● **SOURCE MATERIAL**

* * * *

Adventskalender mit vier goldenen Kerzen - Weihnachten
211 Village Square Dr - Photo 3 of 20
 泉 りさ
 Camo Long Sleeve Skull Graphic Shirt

* * * *

● **WHAT TO PRODUCE**
Type out the material above once more, exactly.

● **ANSWER SECTION**
Adventskalender mit vier goldenen Kerzen - Weihnachten
211 Village Square Dr - Photo 3 of 20
 泉 りさ
 Camo Long Sleeve Skull Graphic Shirt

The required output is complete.